Beritaly.com – Menjelang bulan Ramadan yang tinggal menghitung hari, berbagai pertanyaan seputar puasa mulai muncul di kalangan umat Islam.

Salah satu isu yang kerap menjadi perdebatan adalah apakah muntah dapat membatalkan puasa.

Pertanyaan ini tidak hanya relevan bagi mereka yang sedang belajar menjalankan ibadah puasa, tetapi juga bagi yang memiliki kondisi kesehatan tertentu.

Muntah dan Puasa: Apa Kata Hukum Islam?

Dalam ajaran Islam, puasa Ramadan merupakan kewajiban bagi setiap muslim yang telah baligh, berakal sehat, dan mampu secara fisik.

Puasa diartikan sebagai menahan diri dari makan, minum, dan segala hal yang membatalkan puasa mulai dari terbit fajar hingga terbenam matahari.

Namun, bagaimana jika seseorang muntah saat berpuasa? Apakah hal ini otomatis membatalkan ibadahnya?

Menurut pandangan mayoritas ulama, muntah tidak serta-merta membatalkan puasa, tergantung pada kondisi dan penyebabnya.

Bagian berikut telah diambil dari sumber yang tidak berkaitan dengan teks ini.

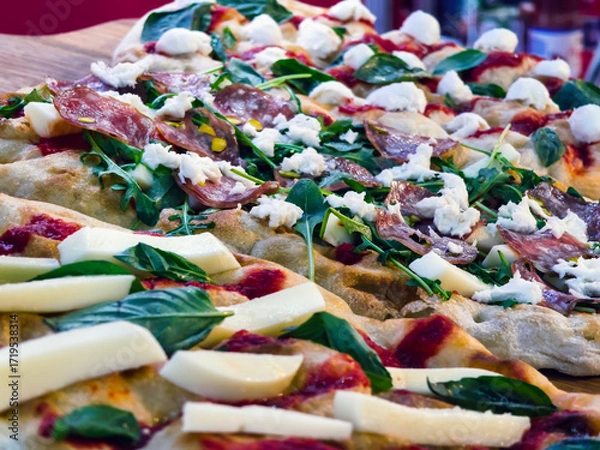 Fototapeta Delicious fresh pizza topped with salami, spinach, and cheese served at a bustling restaurant in the afternoon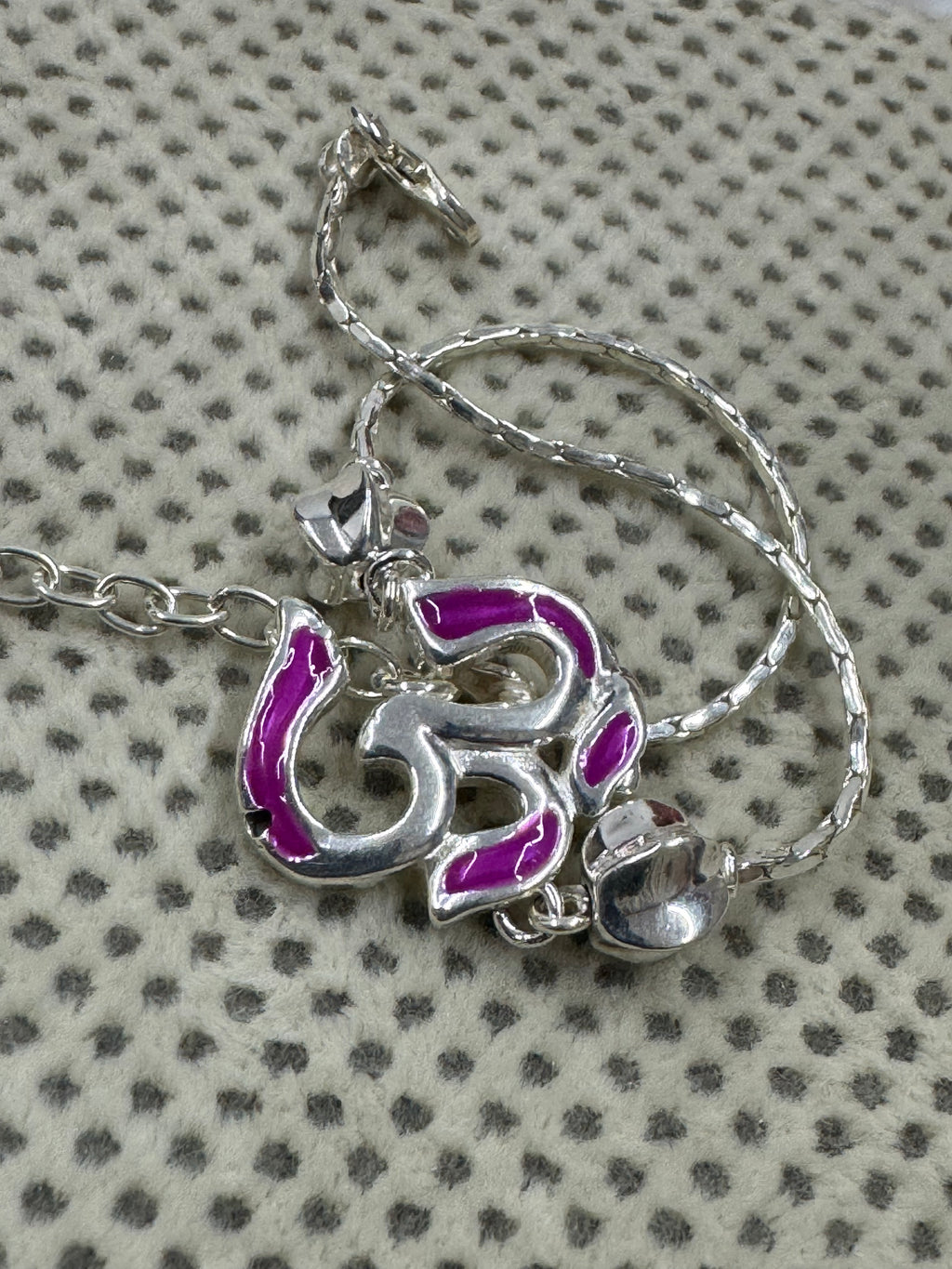 The enamelled Om station of the sterling silver bracelet, coiled on cream fabric with a dotted weave.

Dalam sebuah hadis riwayat Abu Hurairah, Rasulullah SAW bersabda, “Barang siapa yang muntah tanpa sengaja ketika sedang berpuasa, maka puasanya tetap sah dan tidak wajib menggantinya. Namun, barang siapa yang sengaja memuntahkan isi perutnya, maka wajib baginya mengqadha puasa tersebut.” (HR. Abu Dawud, Tirmidzi, dan Ibnu Majah).

Hadis ini menjadi landasan utama dalam menentukan hukum muntah saat puasa.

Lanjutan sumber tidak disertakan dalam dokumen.